Dahulu, ia adalah wanita intelektual terbaik, bahkan hingga kini dan masa depan nanti, takkan pernah ada yang dapat sebanding dengannya dalam hal keilmuan, dari kalangan wanita. Demikianlah Az-Zuhri melukiskan pada kita tentang betapa cerdasnya ibunda kita Aisyah radhiallahu ‘anha.
Tak hanya cerdas, ibunda Aisyah juga memiliki banyak keutamaan lainnya. Di antaranya, saat ada tuduhan keji dari sekelompok kaum munafik untuknya, Allah menurunkan wahyu untuk membersihkan namanya, Aisyah tak begitu, tegas ayat. Selain itu, ibunda Aisyah juga manusia yang paling dicintai oleh Nabi.
Jadi, keutamaan ibunda Aisyah datang dari banyak sisi dan sudah seharusnya hal tesebut diketahui, mulai dari keilmuannya, nasabnya, dan lainnya. Kisahnya juga komplet dan menceritakan banyak sisi, mulai dari keteguhan, kesungguhan, hingga keberanian. Jadi, tak hanya berisi soal romantisme kejar-kejarannya dengan Nabi saja.
Nama dan Nasabnya
Ia adalah Aisyah binti Abdullah bin Utsman bin Amir bin Amru bin Ka’ab bin Sa’ad bin Taim bin Murrah bin Ka’ab. Nasabnya dan Nabi Muhammad bertemu pada Murrah bin Ka’ab. Bagi yang tidak mengetahui, Abdullah adalah nama sebenarnya dari Abu Bakar dan Utsman adalah nama sebenarnya dari Abu Quhafah.
Adapun ibunya bernama Ummu Rumman binti Amir bin Uwaimar bin Abdi Syams bin Itab bin Adzinah bin Subai’ bin Dahman bin Haris bin Ghanam bin Malik bin Kinanah. Ummu Rumman adalah istri kedua dari Abu Bakar, darinya Abu Bakar memperoleh dua anak, yaitu Abdurrahman dan Aisyah.

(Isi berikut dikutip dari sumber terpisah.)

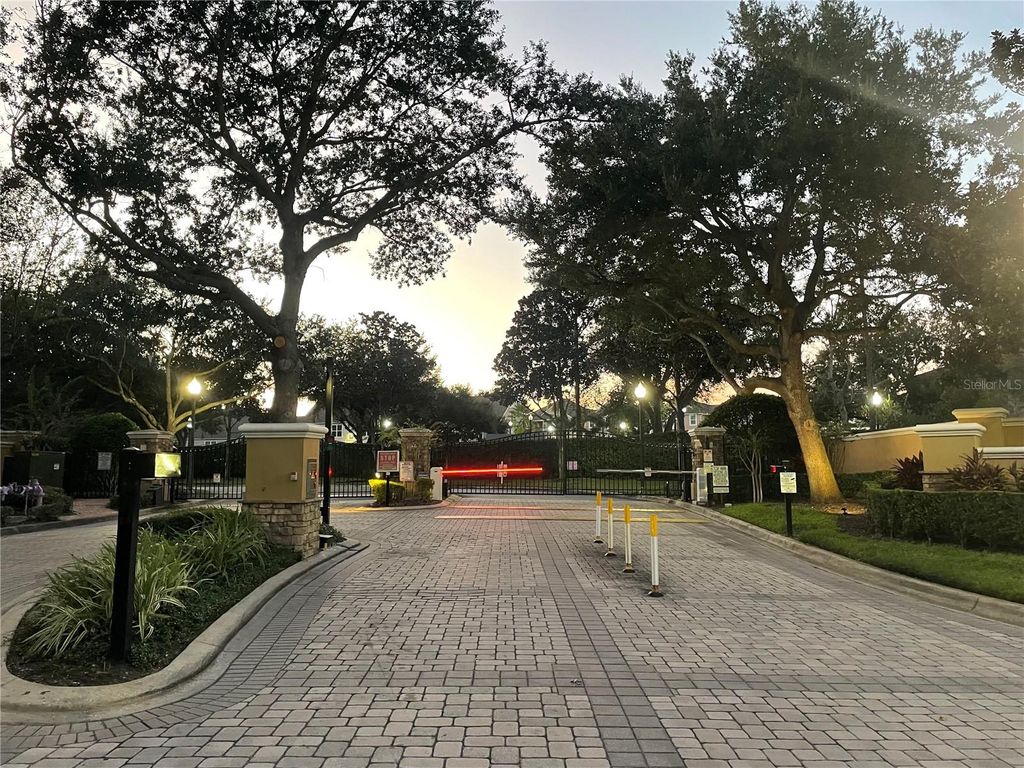 Photo of 3356 Robert Trent Jones Drive #40706, Orlando, FL 32835 (MLS # S5137336)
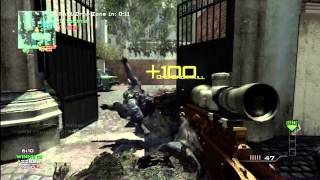 Quad Feed Split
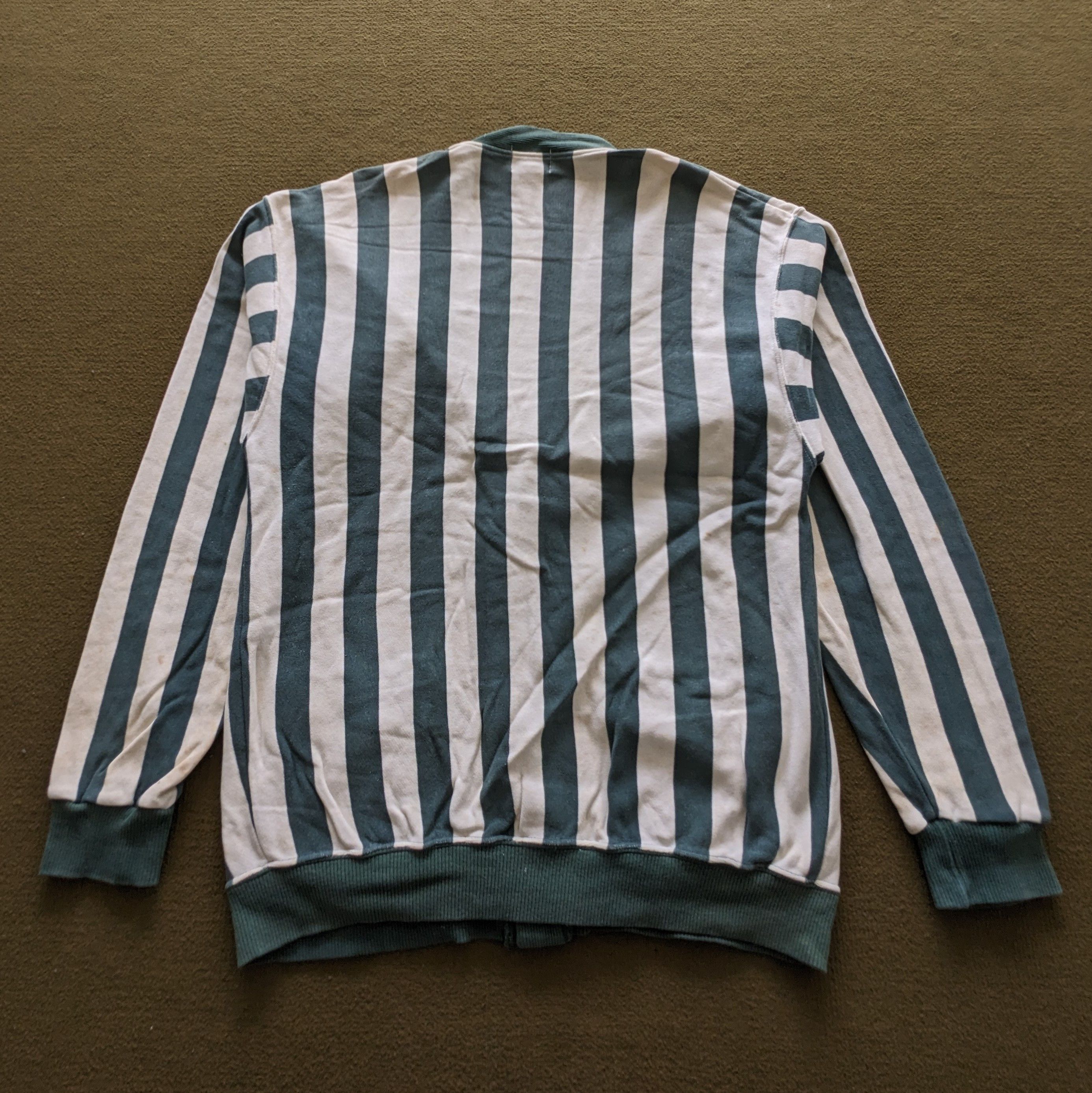 Vintage Vintage PETER HOUSE American Style Cardigan Size US M / EU 48-50 / 2 - 3 Thumbnail
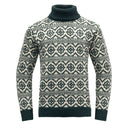 Devold HODDEVIK WOOL HIGH NECK - PeakStyle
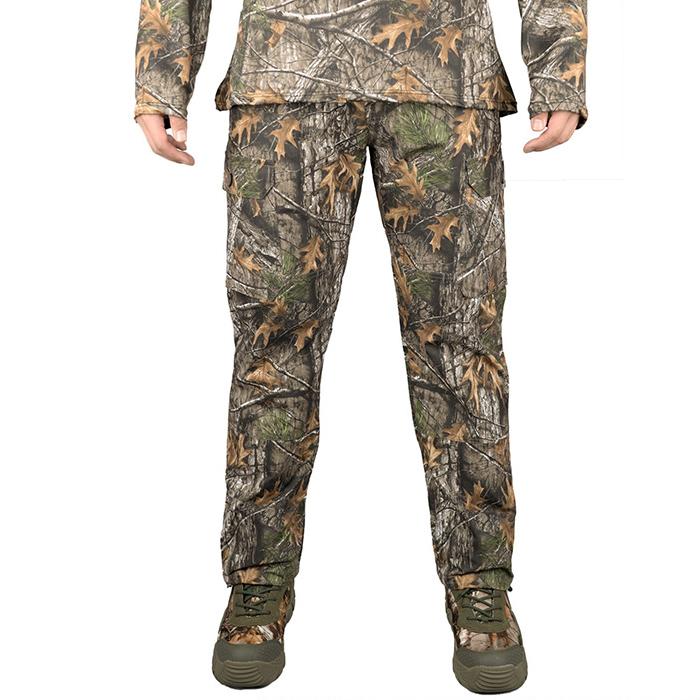 Wildking Herren Big-Tree Camouflage Jagdhose – B269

Aisyah lahir 9 tahun sebelum hijrah. Kunyahnya adalah Ummu Abdullah dan digelari dengan al-Shidqiyah. Rasulullah memanggil beliau dengan sebutan Humaira. Adapun kita, mengenal beliau sebagai salah satu dari Ummahatul Mukminin (Ibu dari orang-orang beriman).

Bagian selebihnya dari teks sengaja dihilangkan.